Solomon is kind, highly intelligent, rich and single. He’s the ultimate eligible bachelor. But he confines himself to the inside of his beautiful apartment in London and has few friends. And nobody but his brother Luke and his sister Tiffany have seen him for years. Nobody would want to see his disfigured face.
Now Solomon must leave his sanctuary. Tiffany is in hospital in a coma. Solomon tries to get the police involved. He is convinced her injuries are no accident, certain she was attacked after hooking up with someone she met via an online dating app. The police don’t want to know. But then they wouldn’t, because Tiffany is just a stripper. Worse still, they are more concerned about Luke’s whereabouts; he is a person of interest, a bad guy with a record.
Undeterred, Solomon start his own investigation, using his few online friends and his intelligence. Soon he realises that Tiffany is not the predator’s first victim. Neither will she be his last.
Perfect Match uses the third person past tense, and although most of the chapters belong to Solomon, the main character, there are chapters and scenes devoted to other players, including Luke, Fox (the main police investigator) and a growing number of victims.
While the dialogue is tight, sharp and convincing, the introspections and descriptions, along with the backstory are lengthy, rambling sentences. At times, they are repetitive and almost incoherent. For readers who tend to only breathe in at the end of a sentence, I would suggest an oxygen tank by their chair. Yet, this could just be the author’s style, because he does squeeze short sentences in-between the long ones, which balances the paragraph structure. And when he wants to increase the tension, he does so in the time-honoured way; by shortening the sentences dramatically and keeping introspection to a minimum.
Equally, the author lulls the reader into a pattern; he establishes the point of view he is using at the start of the chapter. But every so often, he will leap to another point of view part way through a chapter or even just for a paragraph, which is baffling. The author also has an irritating habit of losing chronology.
Although the lesser characters are undeveloped, the other more important characters are interesting and far from stereotyped. The author manages to make them three-dimensional by balancing understated description with dialogue and behaviour. Solomon is mesmerising and engaging. It is as easy to like him as it is to dislike Fox.

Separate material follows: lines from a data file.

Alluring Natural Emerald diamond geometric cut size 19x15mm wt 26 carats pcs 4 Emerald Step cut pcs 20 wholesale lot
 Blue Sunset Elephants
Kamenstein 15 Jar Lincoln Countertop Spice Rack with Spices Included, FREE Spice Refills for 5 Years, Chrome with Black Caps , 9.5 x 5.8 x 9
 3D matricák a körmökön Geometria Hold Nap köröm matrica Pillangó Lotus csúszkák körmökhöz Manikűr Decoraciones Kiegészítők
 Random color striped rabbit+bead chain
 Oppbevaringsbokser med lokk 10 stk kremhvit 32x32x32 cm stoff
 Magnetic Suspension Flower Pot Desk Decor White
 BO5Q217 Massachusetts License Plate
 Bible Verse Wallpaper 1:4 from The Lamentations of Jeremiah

However, his behaviour rattled my suspension of belief; even though he mused with a degree of angst about going out into the big wide world, he got there physically with too much ease.

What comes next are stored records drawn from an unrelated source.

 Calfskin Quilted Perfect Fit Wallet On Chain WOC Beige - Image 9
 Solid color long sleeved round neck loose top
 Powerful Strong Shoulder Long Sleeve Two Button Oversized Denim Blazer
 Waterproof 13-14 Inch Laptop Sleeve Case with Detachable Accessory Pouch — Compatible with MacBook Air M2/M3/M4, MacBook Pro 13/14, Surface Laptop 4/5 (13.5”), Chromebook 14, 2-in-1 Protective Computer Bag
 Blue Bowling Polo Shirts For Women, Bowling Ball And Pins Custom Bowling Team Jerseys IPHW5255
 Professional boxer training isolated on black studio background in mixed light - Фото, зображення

Moreover, for someone who had not opened his door to anyone in years, it took little time for him to start letting the world and his wife into his sanctuary. That said, Solomon is one of the few protagonists I have encountered recently who I would like to get to know more. And I felt cheated at the end, because although there is potential for a second book, I didn’t get a sense of ‘watch out for the next instalment.’
I thoroughly enjoyed the predator’s luring technique. It is more interesting than most and it is refreshing too that the predator doesn’t kill all his victims. That Solomon used his cronies for brain-storming to solve the riddle made it more believable and fun. The ending was thankfully free from the prolonged reveal.
The sense of time comes primarily from the ever-present technology. There is little sense of place – it could have been Anyville. But that is incidental and doesn’t affect the story in a negative way.
I liked this book, despite my misgivings about the quality of writing. The language is accessible, the plot, though far from unique, is interesting, and the protagonist took me on a journey with his disfigured face. I read it in one sitting, really wanting to know what would happen on each turn of the page.